*WORK REQUIRED*: Repeat only what appears from the line containing "ATTACK SHARK R82" through the last line of the listing below, exactly as written.

*INPUT RECORDS*:
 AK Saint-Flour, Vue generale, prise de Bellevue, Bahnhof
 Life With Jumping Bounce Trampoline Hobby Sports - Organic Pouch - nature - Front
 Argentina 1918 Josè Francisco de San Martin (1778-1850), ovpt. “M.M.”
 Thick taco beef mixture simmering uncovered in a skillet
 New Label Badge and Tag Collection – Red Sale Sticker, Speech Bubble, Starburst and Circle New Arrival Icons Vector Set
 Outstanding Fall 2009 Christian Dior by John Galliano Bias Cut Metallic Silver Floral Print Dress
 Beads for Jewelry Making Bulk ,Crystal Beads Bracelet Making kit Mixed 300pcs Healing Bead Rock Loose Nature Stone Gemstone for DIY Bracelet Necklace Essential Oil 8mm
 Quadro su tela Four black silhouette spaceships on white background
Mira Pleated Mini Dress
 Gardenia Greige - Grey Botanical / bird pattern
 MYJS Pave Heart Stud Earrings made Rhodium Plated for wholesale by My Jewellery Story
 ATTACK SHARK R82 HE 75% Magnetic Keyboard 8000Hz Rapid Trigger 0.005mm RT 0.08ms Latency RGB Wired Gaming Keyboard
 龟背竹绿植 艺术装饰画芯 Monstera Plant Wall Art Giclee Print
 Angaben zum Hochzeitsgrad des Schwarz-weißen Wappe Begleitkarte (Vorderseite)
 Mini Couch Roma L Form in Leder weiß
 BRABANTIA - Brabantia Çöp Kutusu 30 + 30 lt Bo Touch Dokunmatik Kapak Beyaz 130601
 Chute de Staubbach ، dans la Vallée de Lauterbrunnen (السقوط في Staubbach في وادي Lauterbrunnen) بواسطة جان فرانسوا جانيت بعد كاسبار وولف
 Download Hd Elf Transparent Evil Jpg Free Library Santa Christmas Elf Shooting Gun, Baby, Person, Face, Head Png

*EXERCISE OUTPUT*:
 ATTACK SHARK R82 HE 75% Magnetic Keyboard 8000Hz Rapid Trigger 0.005mm RT 0.08ms Latency RGB Wired Gaming Keyboard
 龟背竹绿植 艺术装饰画芯 Monstera Plant Wall Art Giclee Print
 Angaben zum Hochzeitsgrad des Schwarz-weißen Wappe Begleitkarte (Vorderseite)
 Mini Couch Roma L Form in Leder weiß
 BRABANTIA - Brabantia Çöp Kutusu 30 + 30 lt Bo Touch Dokunmatik Kapak Beyaz 130601
 Chute de Staubbach ، dans la Vallée de Lauterbrunnen (السقوط في Staubbach في وادي Lauterbrunnen) بواسطة جان فرانسوا جانيت بعد كاسبار وولف
 Download Hd Elf Transparent Evil Jpg Free Library Santa Christmas Elf Shooting Gun, Baby, Person, Face, Head Png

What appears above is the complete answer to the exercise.